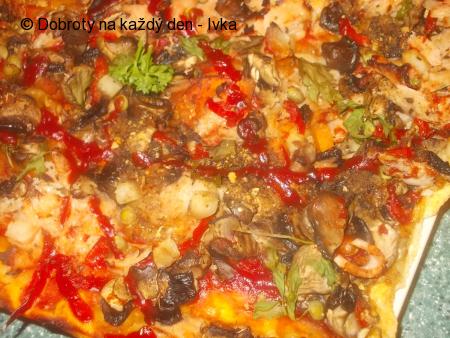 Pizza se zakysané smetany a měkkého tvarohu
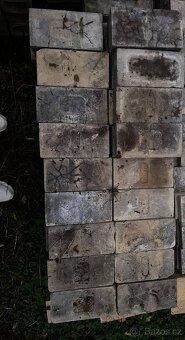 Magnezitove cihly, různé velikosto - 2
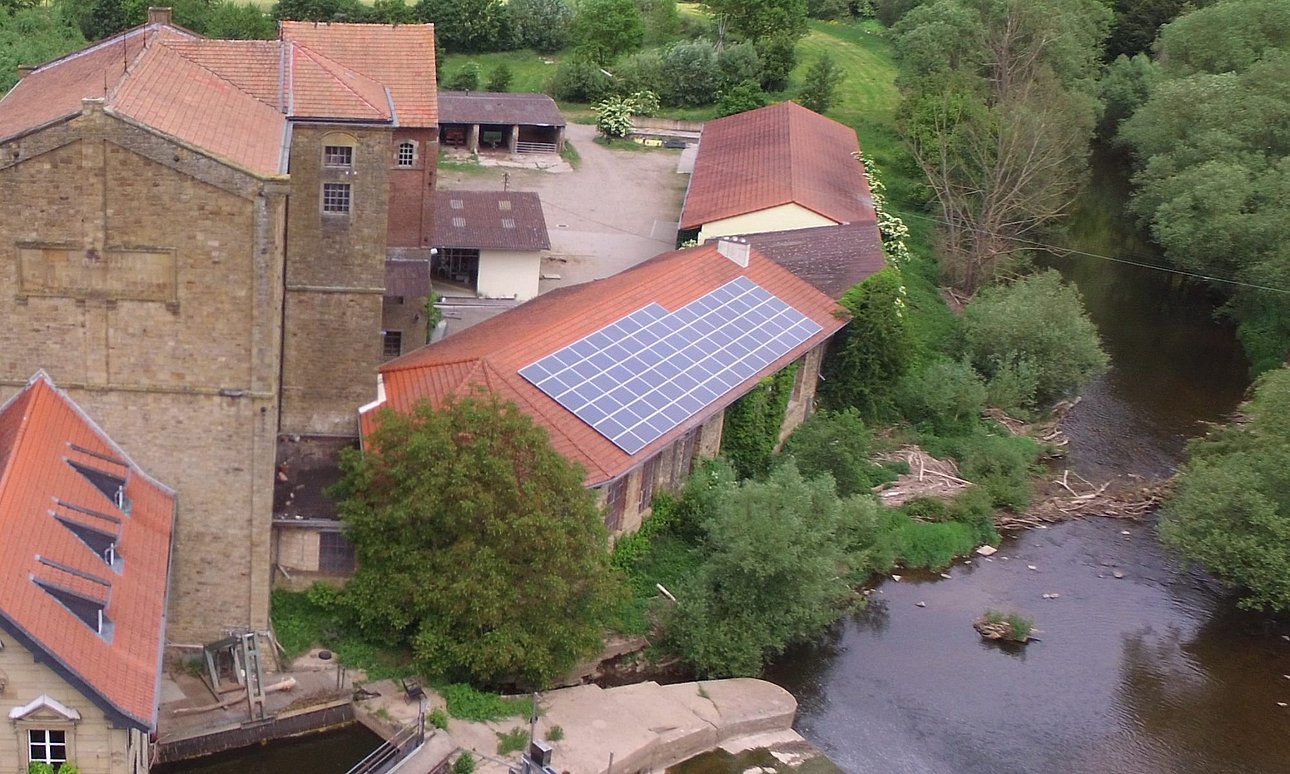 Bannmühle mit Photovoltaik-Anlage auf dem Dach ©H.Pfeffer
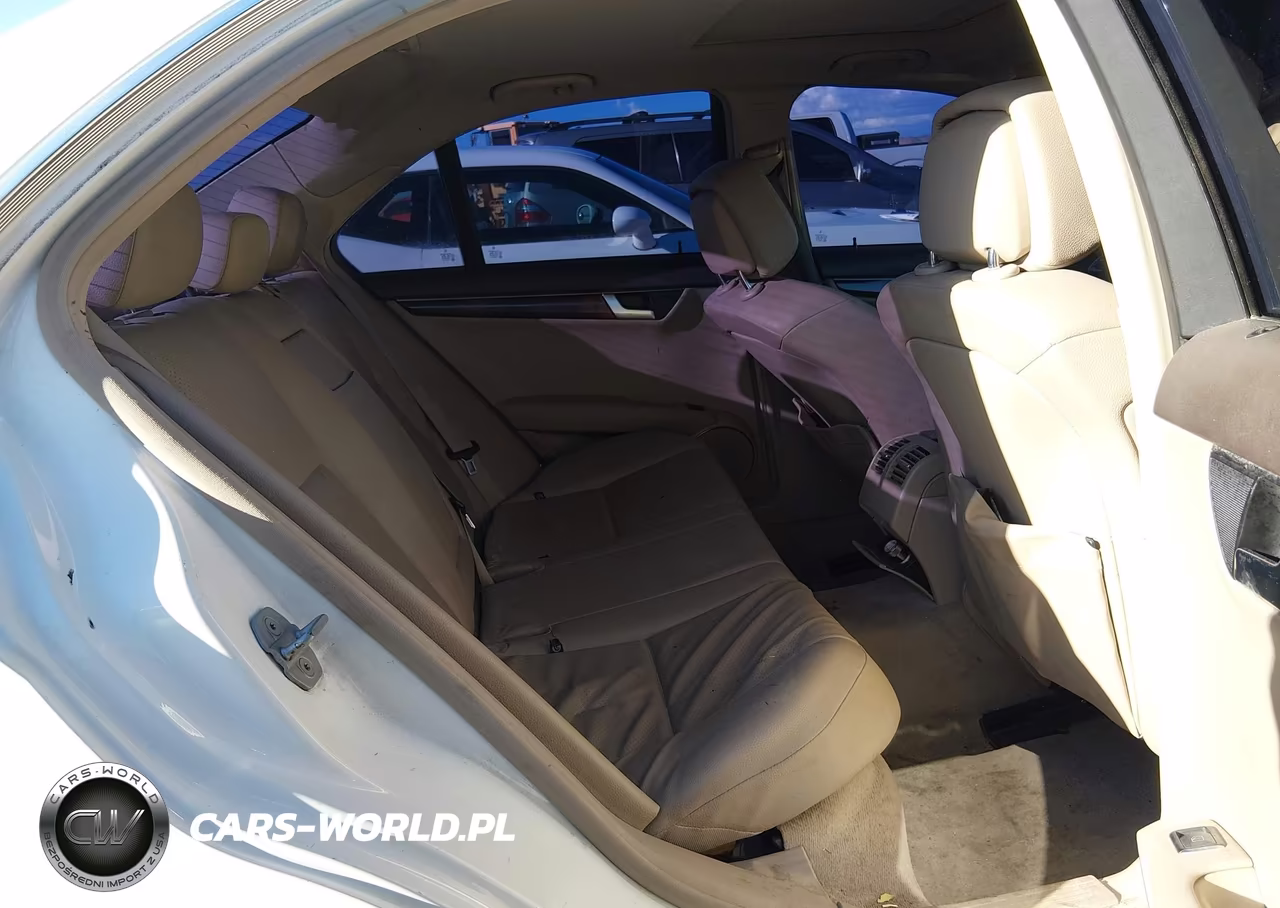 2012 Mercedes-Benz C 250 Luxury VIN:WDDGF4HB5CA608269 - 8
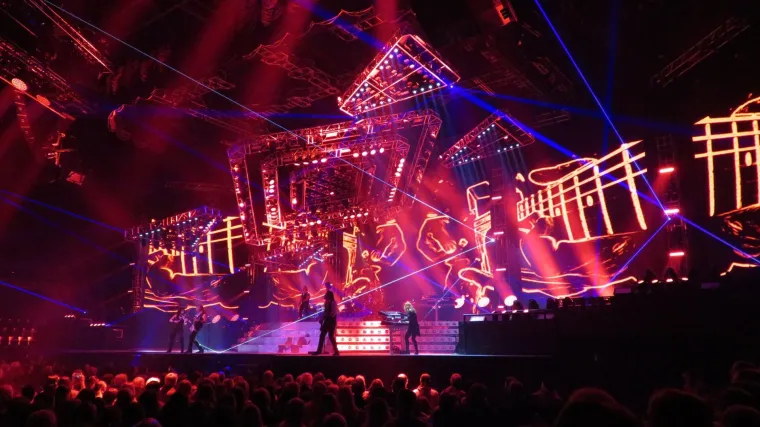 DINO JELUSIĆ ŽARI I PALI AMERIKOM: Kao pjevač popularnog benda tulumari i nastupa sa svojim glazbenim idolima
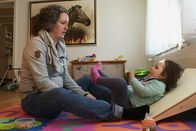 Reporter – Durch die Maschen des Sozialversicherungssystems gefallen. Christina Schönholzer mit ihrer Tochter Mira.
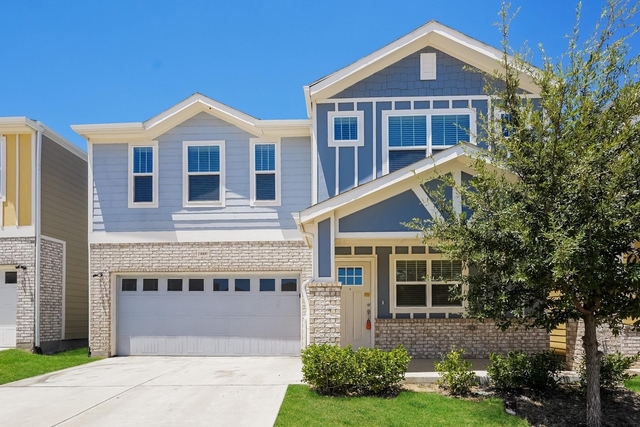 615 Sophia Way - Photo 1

--

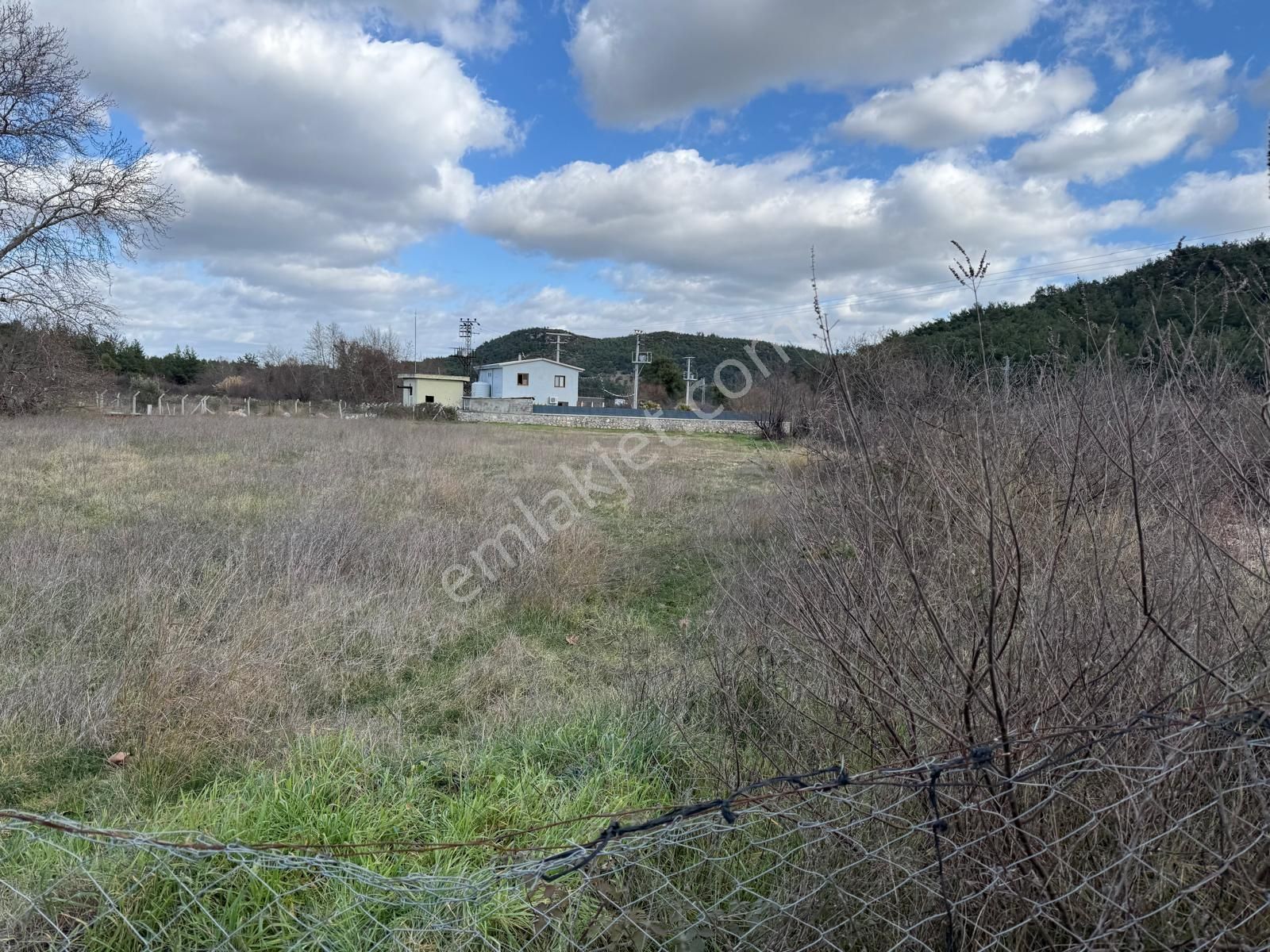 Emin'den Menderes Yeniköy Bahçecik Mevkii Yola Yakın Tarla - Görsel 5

Task statement:
Print, word for word, the lines above that run from the line containing "Pizza se zakysané smetany a měkkého tvarohu" to the line containing "Reporter – Durch", both included. Keep the pictures out.

Answer space:
 Pizza se zakysané smetany a měkkého tvarohu
 Magnezitove cihly, různé velikosto - 2
 Bannmühle mit Photovoltaik-Anlage auf dem Dach ©H.Pfeffer
 2012 Mercedes-Benz C 250 Luxury VIN:WDDGF4HB5CA608269 - 8
 DINO JELUSIĆ ŽARI I PALI AMERIKOM: Kao pjevač popularnog benda tulumari i nastupa sa svojim glazbenim idolima
 Reporter – Durch die Maschen des Sozialversicherungssystems gefallen. Christina Schönholzer mit ihrer Tochter Mira.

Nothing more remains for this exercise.